Wednesday, February 13, 2013

Almost There (Short Assignment #3 Analysis)

For my short assignment #3, I chose to edit "The Top 10 Reasons Students Cannot Rely on or Cite Wikipedia" by Mark Moran.  If you noticed, I began editing by rewording, rearranging, and repositioning the title.  This article had a very a clear argument that Wikipedia is not a reliable source by simply listing and numbering reasons.  I edited many different components of the piece from grammar, wording, arrangement, tone, etc.  Most of the piece is written in a very casual tone, sometimes too casual, and at one point used very eloquent vocabulary that just completely threw me off, which I immediately reworded.  Also the first two reasons given were written in the second-person voice, which I immediately reworded.  Before the piece was edited, Moran's errors were conflicting with 2 things: his stases levels and his argument.
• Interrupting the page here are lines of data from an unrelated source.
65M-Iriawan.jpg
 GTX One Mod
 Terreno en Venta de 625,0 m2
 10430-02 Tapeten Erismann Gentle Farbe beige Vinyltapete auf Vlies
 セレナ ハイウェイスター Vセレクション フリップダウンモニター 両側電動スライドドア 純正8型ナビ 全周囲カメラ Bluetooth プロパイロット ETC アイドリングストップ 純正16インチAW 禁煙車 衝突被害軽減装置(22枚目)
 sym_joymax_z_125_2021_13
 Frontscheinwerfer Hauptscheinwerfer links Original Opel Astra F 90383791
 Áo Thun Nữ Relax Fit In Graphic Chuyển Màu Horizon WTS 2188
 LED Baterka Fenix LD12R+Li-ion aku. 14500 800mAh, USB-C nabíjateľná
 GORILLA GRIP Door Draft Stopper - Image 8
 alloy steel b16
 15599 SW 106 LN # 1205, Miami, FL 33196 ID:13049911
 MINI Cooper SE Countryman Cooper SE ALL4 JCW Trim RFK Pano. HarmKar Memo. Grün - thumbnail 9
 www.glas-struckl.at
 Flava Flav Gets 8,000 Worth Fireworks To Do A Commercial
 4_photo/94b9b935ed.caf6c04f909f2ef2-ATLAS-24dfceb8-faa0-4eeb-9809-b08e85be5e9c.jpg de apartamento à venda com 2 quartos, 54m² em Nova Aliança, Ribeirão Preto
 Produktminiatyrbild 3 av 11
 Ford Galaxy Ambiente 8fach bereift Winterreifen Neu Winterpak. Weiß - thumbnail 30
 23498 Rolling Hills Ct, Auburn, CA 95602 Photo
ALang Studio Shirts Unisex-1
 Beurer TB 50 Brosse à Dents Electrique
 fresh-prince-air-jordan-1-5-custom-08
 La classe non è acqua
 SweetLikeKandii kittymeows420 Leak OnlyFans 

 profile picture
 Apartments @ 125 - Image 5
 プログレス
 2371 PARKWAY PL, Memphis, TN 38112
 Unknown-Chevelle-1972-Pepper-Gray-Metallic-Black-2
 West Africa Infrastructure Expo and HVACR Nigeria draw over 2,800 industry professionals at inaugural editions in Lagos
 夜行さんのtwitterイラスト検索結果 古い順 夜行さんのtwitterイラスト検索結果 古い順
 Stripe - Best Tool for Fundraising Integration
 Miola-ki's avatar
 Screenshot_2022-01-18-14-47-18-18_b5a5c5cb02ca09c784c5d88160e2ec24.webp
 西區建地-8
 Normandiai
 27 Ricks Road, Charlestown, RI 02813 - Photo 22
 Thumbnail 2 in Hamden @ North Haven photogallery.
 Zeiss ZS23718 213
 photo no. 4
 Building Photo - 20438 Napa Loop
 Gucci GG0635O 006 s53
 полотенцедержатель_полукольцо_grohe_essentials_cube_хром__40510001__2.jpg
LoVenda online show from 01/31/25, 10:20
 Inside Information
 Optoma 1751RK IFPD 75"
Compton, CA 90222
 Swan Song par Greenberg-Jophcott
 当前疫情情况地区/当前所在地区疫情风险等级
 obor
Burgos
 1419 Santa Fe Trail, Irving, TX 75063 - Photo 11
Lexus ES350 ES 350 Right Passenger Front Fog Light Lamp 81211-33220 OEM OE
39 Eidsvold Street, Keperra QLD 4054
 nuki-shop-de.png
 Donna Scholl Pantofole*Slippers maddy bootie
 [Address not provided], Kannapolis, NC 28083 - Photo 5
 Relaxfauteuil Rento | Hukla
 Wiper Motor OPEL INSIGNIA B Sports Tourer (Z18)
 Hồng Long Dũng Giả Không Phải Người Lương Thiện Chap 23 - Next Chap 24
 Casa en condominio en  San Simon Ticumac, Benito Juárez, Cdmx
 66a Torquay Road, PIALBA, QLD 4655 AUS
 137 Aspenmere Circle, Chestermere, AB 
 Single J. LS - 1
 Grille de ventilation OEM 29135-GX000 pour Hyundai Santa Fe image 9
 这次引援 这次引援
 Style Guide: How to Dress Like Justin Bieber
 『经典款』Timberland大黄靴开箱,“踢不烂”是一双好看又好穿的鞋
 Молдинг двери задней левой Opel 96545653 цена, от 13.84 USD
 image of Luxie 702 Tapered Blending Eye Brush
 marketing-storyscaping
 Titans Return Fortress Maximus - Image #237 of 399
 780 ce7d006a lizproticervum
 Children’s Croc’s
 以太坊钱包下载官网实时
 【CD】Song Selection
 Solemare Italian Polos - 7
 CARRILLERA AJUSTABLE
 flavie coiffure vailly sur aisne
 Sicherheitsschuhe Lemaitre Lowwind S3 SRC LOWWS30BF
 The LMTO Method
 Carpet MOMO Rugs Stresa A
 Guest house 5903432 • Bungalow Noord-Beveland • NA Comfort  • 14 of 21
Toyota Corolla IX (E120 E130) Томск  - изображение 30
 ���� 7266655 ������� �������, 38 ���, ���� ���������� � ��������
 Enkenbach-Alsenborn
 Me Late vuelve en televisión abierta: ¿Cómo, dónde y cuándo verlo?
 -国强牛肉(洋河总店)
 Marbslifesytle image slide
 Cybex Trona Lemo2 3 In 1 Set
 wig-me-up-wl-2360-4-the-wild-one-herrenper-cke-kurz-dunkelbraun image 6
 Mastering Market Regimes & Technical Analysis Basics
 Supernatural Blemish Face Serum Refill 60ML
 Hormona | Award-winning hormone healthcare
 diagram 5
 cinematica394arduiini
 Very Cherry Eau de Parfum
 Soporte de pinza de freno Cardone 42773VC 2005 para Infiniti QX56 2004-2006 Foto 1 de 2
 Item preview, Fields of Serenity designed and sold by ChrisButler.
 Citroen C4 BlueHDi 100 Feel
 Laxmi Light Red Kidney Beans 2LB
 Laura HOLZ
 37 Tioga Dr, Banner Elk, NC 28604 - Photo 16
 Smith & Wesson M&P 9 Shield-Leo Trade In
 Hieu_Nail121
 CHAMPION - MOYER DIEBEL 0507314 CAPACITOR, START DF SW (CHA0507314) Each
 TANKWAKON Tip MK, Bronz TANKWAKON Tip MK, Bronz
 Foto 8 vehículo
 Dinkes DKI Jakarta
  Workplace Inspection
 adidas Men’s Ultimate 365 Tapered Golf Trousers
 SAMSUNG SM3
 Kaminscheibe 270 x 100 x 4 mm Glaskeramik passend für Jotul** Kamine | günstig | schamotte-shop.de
In the article, each reason is written the same way concerning order of stases levels.  It starts 
with Fact and Definition which then leads into Cause.  All 10 reasons put together form the Value.  I think the over-all purpose of this article was to achieve a stases level of Policy (what should be done), but unfortunately it doesn't.  He lists all these problems and reasons why Wikipedia is so unreliable, but then doesn't post a solution, except that it can be used as a reference if used properly, but doesn't go into enough depth on that.

When I got to the end of the list, I found tow, possibly three, reasons listed which actually didn't support his argument at all.  I believe this would align with Kaufer's 1st conflict: "misunderstand the sense or reference of certain statements."  They were interesting and well develped statements, but they didn't necessarily support his argument, and one was even the complete antithesis of his argument.

Thankfully i did find the punctuation to be mostly correct.  He did need a little help with the fluid movement of the text, but fortunately when simply listing reasons of something, sometimes it's not completely necessary for one reason to flow right into the next.